# Task data:
------------------------------------------------------------------------

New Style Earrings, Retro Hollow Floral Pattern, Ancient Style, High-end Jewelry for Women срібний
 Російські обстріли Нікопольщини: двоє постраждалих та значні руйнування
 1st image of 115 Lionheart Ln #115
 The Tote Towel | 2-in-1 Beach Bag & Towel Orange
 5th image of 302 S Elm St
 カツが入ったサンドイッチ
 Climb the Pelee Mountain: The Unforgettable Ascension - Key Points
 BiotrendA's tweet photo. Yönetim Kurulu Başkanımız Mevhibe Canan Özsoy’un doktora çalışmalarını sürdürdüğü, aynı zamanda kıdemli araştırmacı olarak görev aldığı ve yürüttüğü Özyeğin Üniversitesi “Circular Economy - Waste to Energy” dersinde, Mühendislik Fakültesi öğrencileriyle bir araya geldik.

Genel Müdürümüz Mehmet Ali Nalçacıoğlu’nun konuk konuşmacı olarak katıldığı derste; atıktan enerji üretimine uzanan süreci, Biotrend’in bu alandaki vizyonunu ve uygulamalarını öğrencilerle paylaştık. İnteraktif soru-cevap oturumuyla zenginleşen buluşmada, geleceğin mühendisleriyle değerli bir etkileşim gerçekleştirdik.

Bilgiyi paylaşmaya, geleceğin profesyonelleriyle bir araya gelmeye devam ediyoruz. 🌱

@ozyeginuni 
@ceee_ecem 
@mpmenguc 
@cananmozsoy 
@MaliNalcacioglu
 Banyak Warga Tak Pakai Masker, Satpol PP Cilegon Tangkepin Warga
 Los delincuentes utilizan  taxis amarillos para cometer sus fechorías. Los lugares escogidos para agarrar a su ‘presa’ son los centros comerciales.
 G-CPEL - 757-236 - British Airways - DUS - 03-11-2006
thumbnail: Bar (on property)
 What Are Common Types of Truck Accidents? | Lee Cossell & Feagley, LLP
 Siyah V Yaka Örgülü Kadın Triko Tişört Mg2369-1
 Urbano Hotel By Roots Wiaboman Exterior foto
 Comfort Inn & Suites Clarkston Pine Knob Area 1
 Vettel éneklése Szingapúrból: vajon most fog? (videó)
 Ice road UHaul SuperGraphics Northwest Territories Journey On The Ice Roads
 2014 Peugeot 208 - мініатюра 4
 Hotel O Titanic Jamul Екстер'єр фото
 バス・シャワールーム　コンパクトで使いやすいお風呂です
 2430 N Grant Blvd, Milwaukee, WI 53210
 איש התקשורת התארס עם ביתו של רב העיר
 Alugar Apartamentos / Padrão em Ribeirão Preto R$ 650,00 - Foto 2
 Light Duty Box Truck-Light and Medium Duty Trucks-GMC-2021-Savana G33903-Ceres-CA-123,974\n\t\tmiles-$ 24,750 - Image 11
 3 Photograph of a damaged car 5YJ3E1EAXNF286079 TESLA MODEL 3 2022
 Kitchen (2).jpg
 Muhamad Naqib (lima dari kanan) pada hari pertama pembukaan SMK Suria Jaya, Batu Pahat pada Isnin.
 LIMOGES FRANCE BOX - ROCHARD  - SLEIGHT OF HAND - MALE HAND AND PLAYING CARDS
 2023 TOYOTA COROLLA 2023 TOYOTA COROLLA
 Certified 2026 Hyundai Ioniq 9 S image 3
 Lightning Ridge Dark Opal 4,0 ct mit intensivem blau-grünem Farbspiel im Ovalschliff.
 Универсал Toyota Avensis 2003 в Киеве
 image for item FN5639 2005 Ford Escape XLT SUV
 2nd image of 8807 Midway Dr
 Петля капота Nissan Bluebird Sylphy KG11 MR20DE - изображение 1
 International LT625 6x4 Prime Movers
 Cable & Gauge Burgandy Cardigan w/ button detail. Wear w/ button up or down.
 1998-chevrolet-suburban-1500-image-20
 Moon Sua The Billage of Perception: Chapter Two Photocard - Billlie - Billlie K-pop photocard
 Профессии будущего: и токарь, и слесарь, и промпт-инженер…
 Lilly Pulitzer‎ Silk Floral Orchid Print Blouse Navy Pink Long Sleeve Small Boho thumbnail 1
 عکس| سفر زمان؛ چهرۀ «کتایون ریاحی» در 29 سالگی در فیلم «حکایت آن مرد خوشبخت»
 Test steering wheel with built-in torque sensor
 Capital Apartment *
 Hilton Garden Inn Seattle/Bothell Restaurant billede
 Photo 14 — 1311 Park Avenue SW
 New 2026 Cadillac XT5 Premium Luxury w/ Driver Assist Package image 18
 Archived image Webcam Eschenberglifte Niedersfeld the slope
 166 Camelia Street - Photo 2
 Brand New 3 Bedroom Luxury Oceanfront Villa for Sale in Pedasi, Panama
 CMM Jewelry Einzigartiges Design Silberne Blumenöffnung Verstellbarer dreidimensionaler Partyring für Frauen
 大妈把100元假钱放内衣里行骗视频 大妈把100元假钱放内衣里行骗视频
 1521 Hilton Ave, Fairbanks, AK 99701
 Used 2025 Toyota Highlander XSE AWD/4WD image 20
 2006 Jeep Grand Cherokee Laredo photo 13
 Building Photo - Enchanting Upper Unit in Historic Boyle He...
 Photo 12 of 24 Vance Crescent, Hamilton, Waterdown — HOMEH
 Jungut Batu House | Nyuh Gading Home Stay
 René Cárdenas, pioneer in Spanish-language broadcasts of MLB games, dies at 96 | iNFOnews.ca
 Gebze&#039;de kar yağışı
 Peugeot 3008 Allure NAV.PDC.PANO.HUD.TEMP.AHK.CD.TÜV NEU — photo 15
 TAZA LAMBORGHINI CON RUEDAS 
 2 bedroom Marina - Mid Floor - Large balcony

------------------------------------------------------------------------

The expected answer is an exact copy of the lines above, beginning at the line with "1st image of 115 Lionheart Ln #115" and ending at the line with "Climb the Pelee", with both ends in.

 1st image of 115 Lionheart Ln #115
 The Tote Towel | 2-in-1 Beach Bag & Towel Orange
 5th image of 302 S Elm St
 カツが入ったサンドイッチ
 Climb the Pelee Mountain: The Unforgettable Ascension - Key Points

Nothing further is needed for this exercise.